Letters - 04 April 2014

From membership to William Penn School

Membership

The polarisation between Martin Phinn’s iconoclastic view (7 March) and Elaine Miles’ rather harsh judgment (21 March) reflects the question Margaret Heathfield posed in her 1994 Swarthmore Lecture Being Together: are we a movement or a church? The faithful, long-term attender is a helpful reminder to the rest of us that we are a movement. But, we are also a church and, as Elaine points out, to maintain our corporate being requires commitment, as much about identity as financial.

In the days of persecution attending Meeting was sufficient evidence of commitment but, even then, the movement that became the Religious Society of Friends only survived because George Fox established a system of governance. It is good to slim down or adapt our practice, but we cannot escape the truth that being a church means we have a corporate presence in the world. That may involve compromises but without it we would not be able, for example, to own Meeting houses, and much of what we do in the world as Quakers would also not be possible.

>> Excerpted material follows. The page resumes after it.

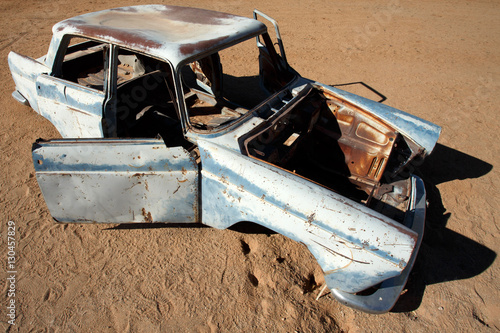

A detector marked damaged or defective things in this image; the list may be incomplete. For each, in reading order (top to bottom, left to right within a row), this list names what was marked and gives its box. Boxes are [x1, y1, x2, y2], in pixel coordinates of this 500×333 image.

detached car door [30, 137, 199, 223]
crumpled fender [197, 140, 416, 294]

Whether to hold assets or to witness as a body, it is necessary to know who ‘we’ are, and that implies recognising as members those who take the responsibility for that identity. We are right to explore new ways of recognising membership, but whatever process we use must, surely, include testing both commitment and an understanding of what that commitment is.

Roger Sturge

David Hitchin (14 March) argued that applying for membership was really just a formality and that applications are rarely rejected. Perhaps, but doesn’t that prove my point, that the application process is really now just a piece of pointless red tape? Why are Quakers so attached to bureaucracy and procedure?

In her letter Elaine Miles argued that membership equates to commitment. I disagree because I haven’t observed a clear relationship between membership and commitment – some attenders do a lot to help, while some members do very little.

In any case, the underlying problem is not the distinction between member and attender but the archaic and unnecessary process of application and approval for membership, given that there are no criteria for membership and no need for a vetting process in the modern Quakers.